After the equity conversion, the government will hold a 32% stake in Vodafone Idea.

32% govt stake in Vodafone Idea before 5G auctions; debt conversion in 2-3 weeks
The conversion of debt into equity will be done under Section 62 (4) of the Companies Act. (Reuters)

Ahead of the 5G auctions, which commences from July 26, the government will convert its debt into equity in Vodafone Idea, official sources said. The move will help the financially-stressed telecom operator to reach its Rs 25,000-crore fund-raising target.

“The decision of the government to convert the interest of Rs 16,133 crore into equity will be notified to the company and the company’s board will accomplish this in 2-3 weeks time,” a senior government source told FE.

After the equity conversion, the government will hold a 32% stake in Vodafone Idea and the promoters’ stake will get diluted to around 50% from the current 75%.

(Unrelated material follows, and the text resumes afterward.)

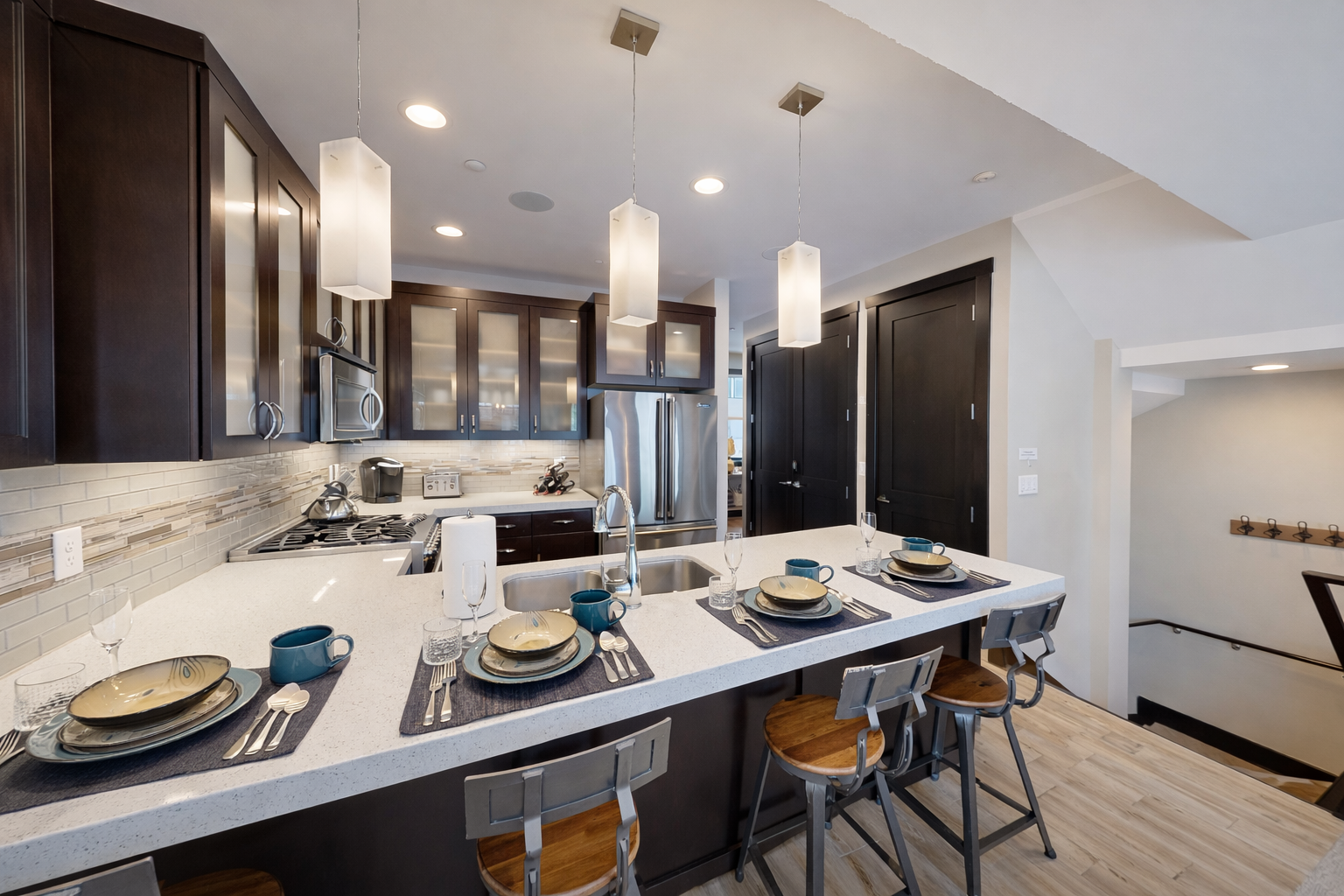 This modern open-concept living space features a fully equipped kitchen with sleek cabinetry and a spacious dining island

The conversion of debt into equity will be done under Section 62 (4) of the Companies Act. Vodafone Idea will issue shares to the government on a preferential basis to be held by the department of investment and public asset management (Dipam).

In January, Vodafone Idea’s board had informed the department of telecommunications (DoT) that it will opt for converting the interest on its adjusted gross revenue (AGR) and spectrum dues into government equity. This followed a telecom revival package announced by the government in September, 2021. The net present value (NPV) of this interest is expected to be about Rs 16,133 crore.

The completion of the fund-raising exercise is crucial for the company if it wants to participate in the auctions. So far, the company’s promoters – Vodafone Plc and Aditya Birla Group – have pumped in a total of Rs 4,500 crore into the company as their equity contribution and the telco needs to raise another Rs 20,000 crore.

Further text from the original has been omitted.